BEGIN

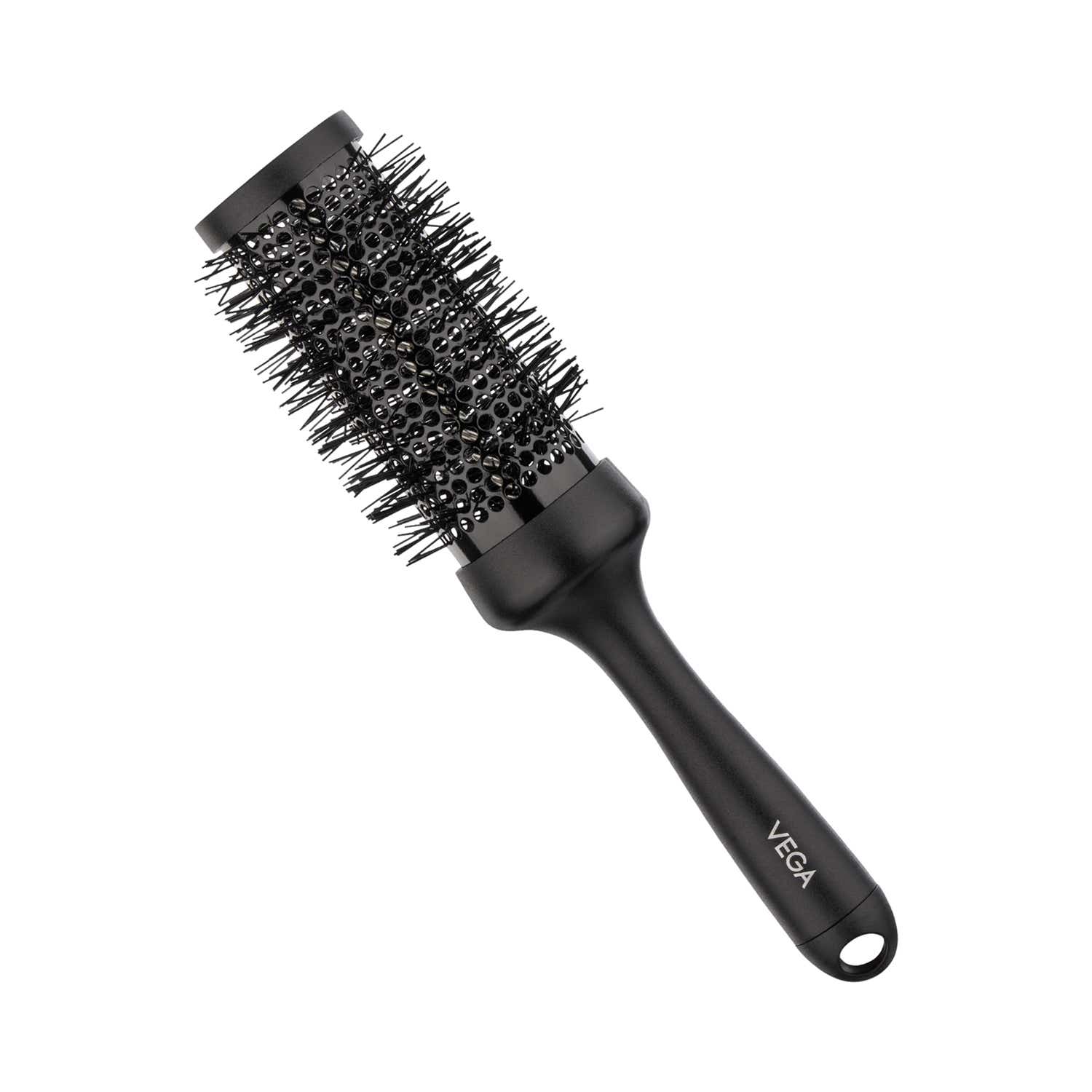Vega | Vega Hot Curl Brush for Hair Styling Drying and Add Volume for Men & Women Medium (H2-PRM) (74 g)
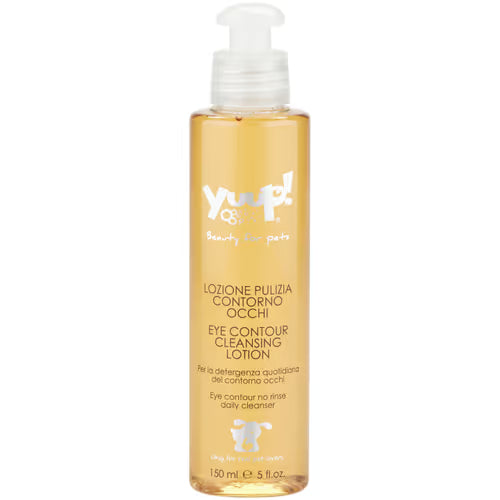Yuup! Home Eye Contour Cleaning 150ml - preparat do pielęgnacji okolic oczu, dla psów i kotów Yuup!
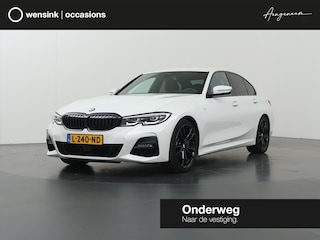 BMW 320i High Executive Edition | M-Sport | Sportstoelen | Digitaal Dashboard | HUD | Apple CarPlay/Android Auto | Navigatie | Camera | DAB | Stoelverwarming | Adaptieve Cruise Control | Interieur Verlichting | LED |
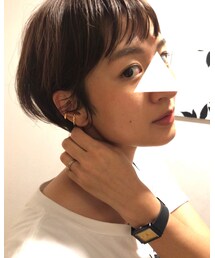 イヤーカフ | アクセサリー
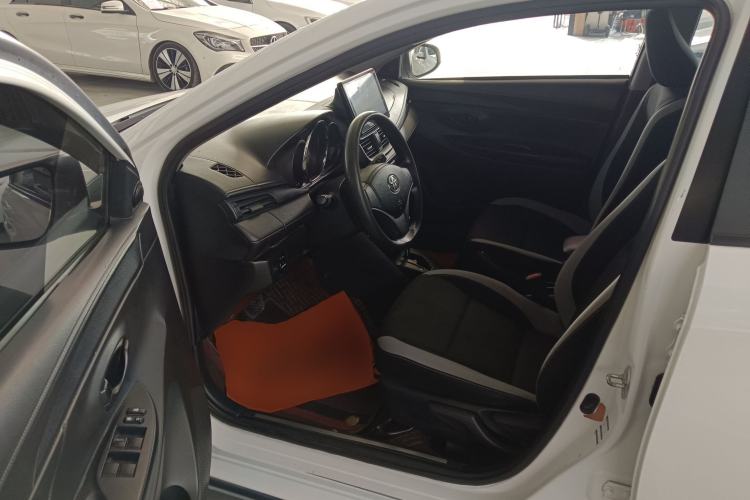 Used Toyota YARiS L Zhi Xuan 2021 X-Trail 1.5L CVT Leading Edition Driver Seat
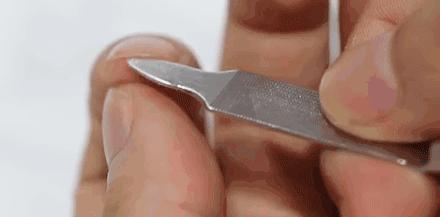 指甲刀中的劳斯莱斯,德国高端指甲剪指甲刀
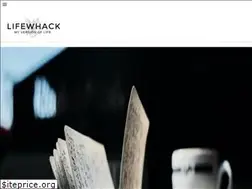 Sites similar to lifewhack.me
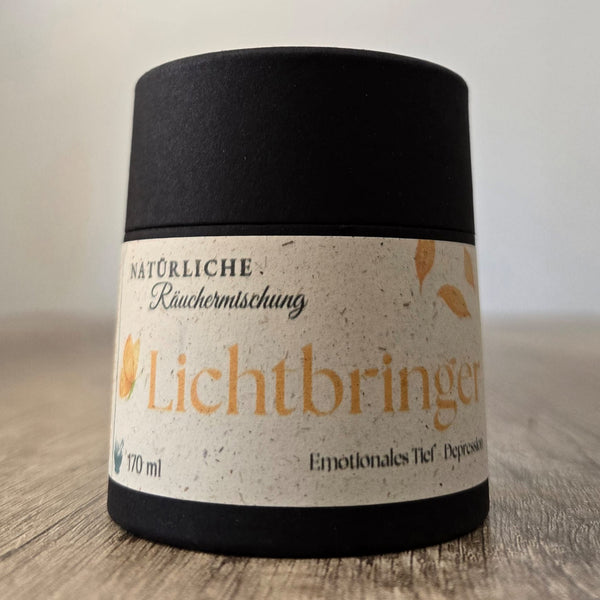 Lichtbringer Räuchermischung - Ritualmanufaktur.de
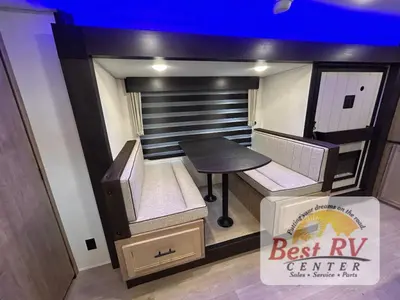 2026 Forest River RV Cherokee Grey Wolf photo 48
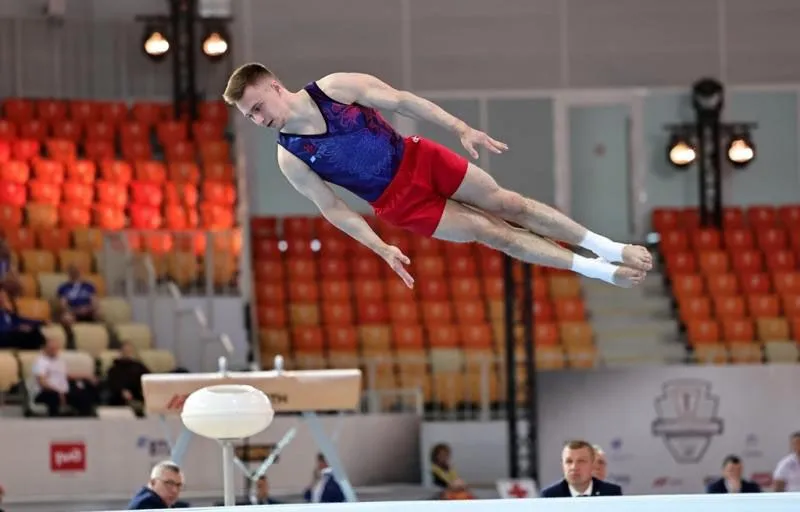 Спортивная гимнастика. Кубок России 2026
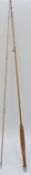 Gary Marshall (Fine Cane Rods) AFTM 3/4, Garrison taper,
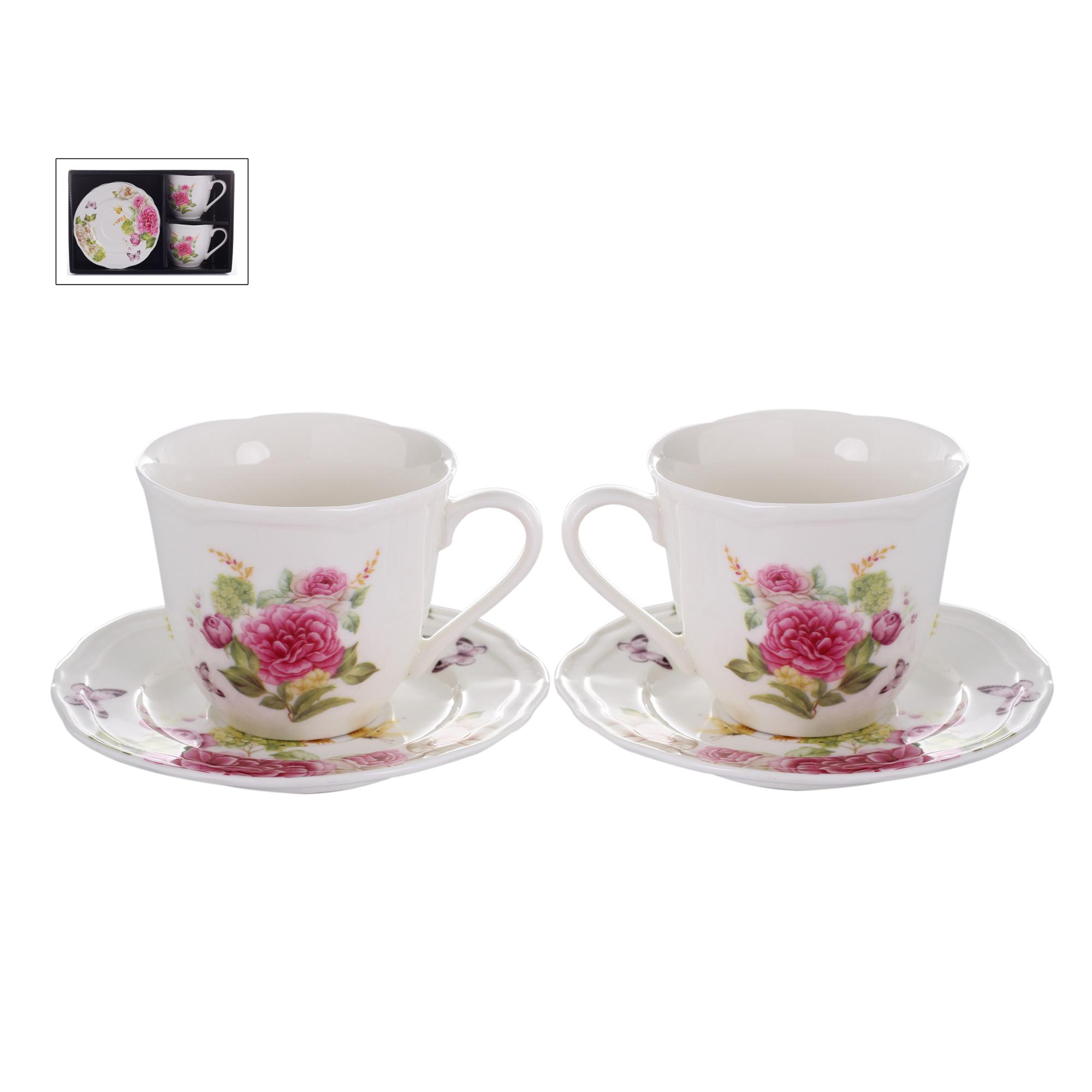 JG DE TAZA  C/PLATO D8.7*H7.3 - 087-17831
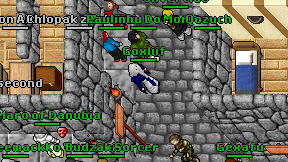 Goxliif on screen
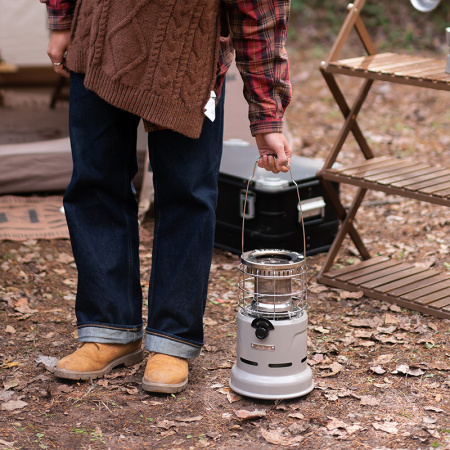 Обогреватель газовый Naturehike многофункциональный, 2,7 кВт, бежевый CNH22CJ014-KH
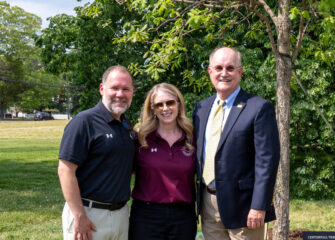 SU Centennial Celebration Continues with Centennial Tree Dedication SU Centennial Celebration Continues with Centennial Tree Dedication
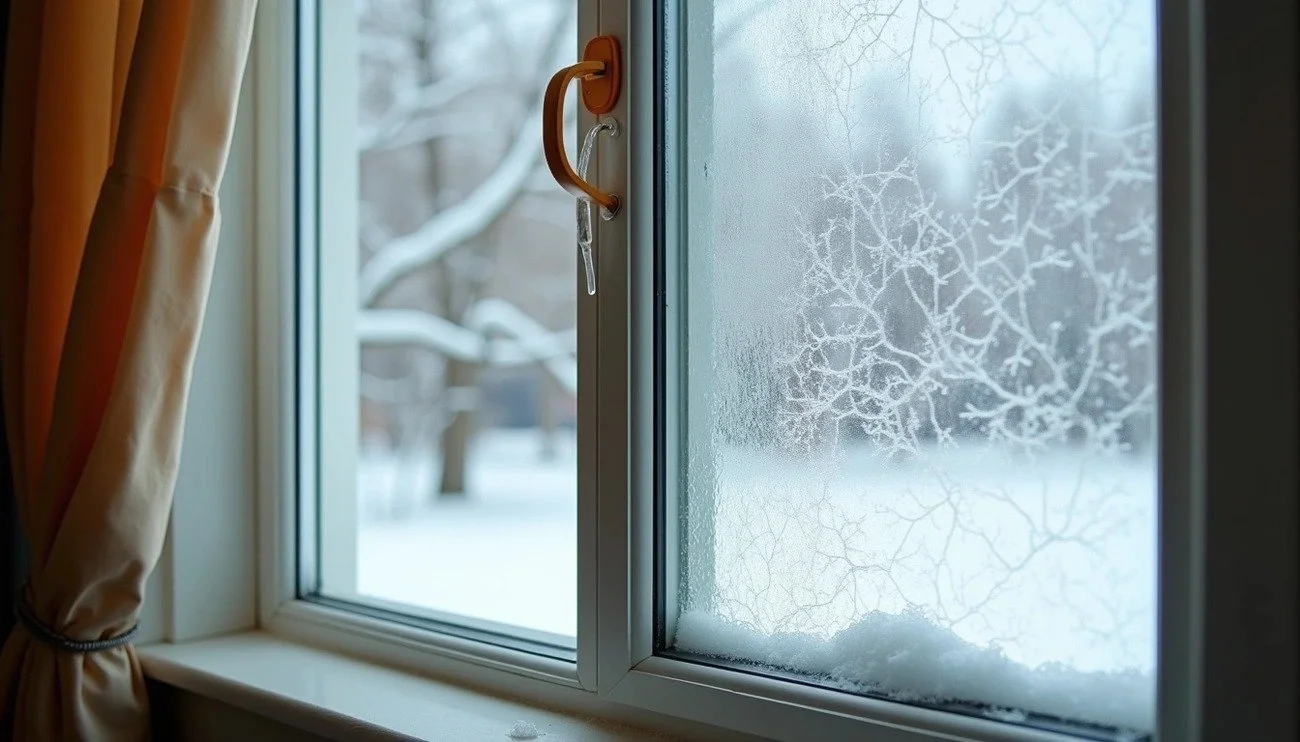 Frosted windows and drafty doors? ❄️�Our latest guide shows how window and door winter protection in Oakville, Ontario can cut energy loss and stop ice buildup before it starts.�Read now 👉 [link in bio]�#OakvilleHomeImprovement #WindowRepairOakville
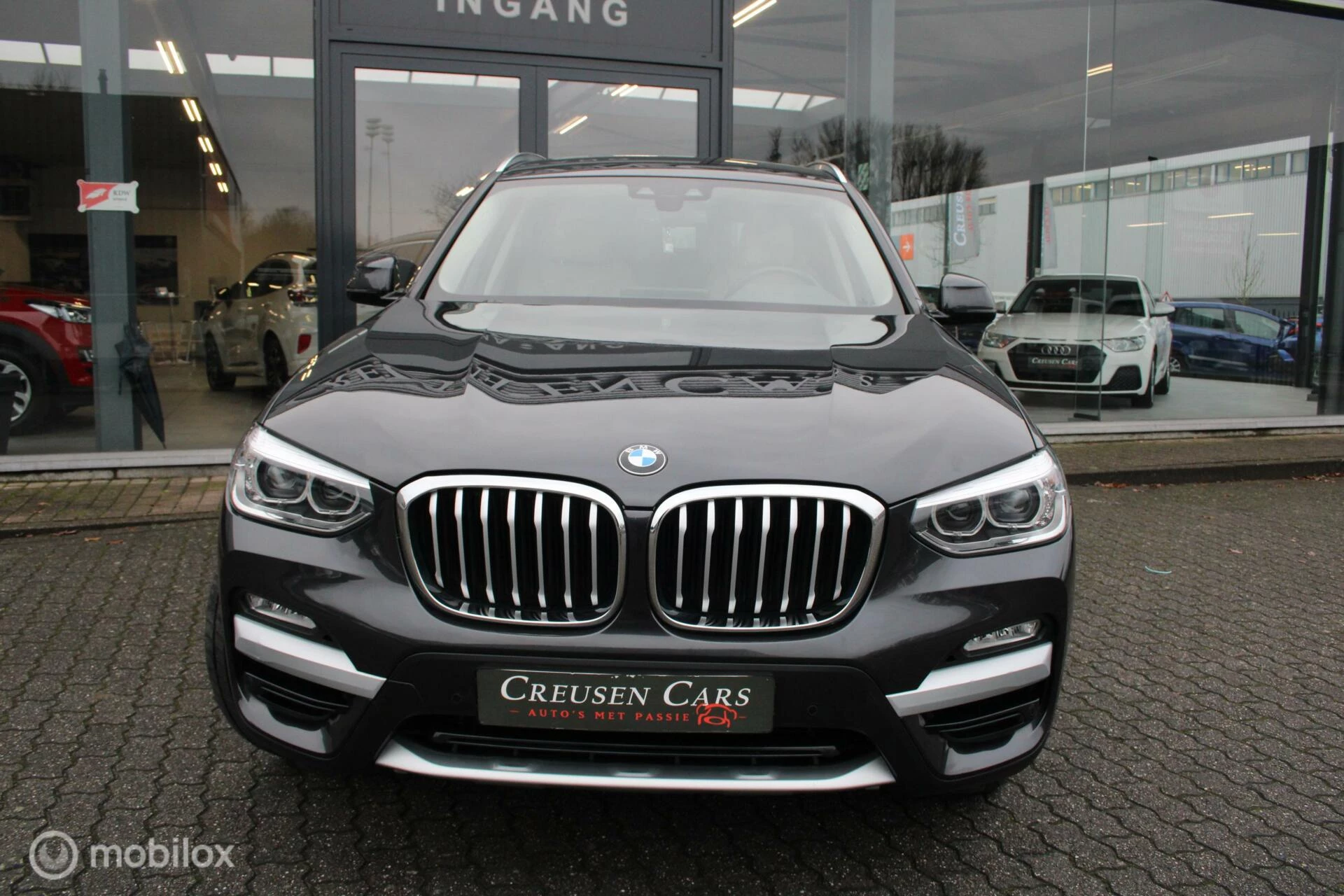 Hoofdafbeelding BMW X3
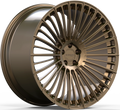 Aventador Wheels Forged Bladecore Gloss Bronze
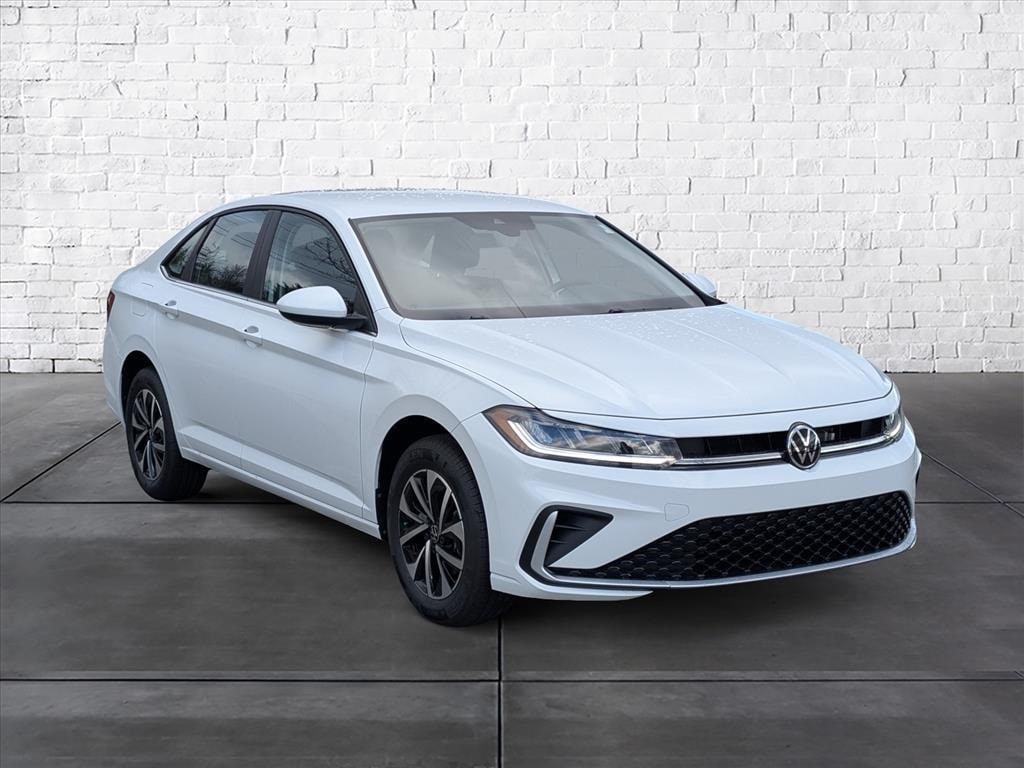 New 2026 Volkswagen Jetta 1.5T S Sedan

END

### WHAT TO WORK ON
Print the material above word for word, first line through the line with "Yuup! Home Eye", and leave every picture out.

### RESPONSE TO THIS TASK
Vega | Vega Hot Curl Brush for Hair Styling Drying and Add Volume for Men & Women Medium (H2-PRM) (74 g)
Yuup! Home Eye Contour Cleaning 150ml - preparat do pielęgnacji okolic oczu, dla psów i kotów Yuup!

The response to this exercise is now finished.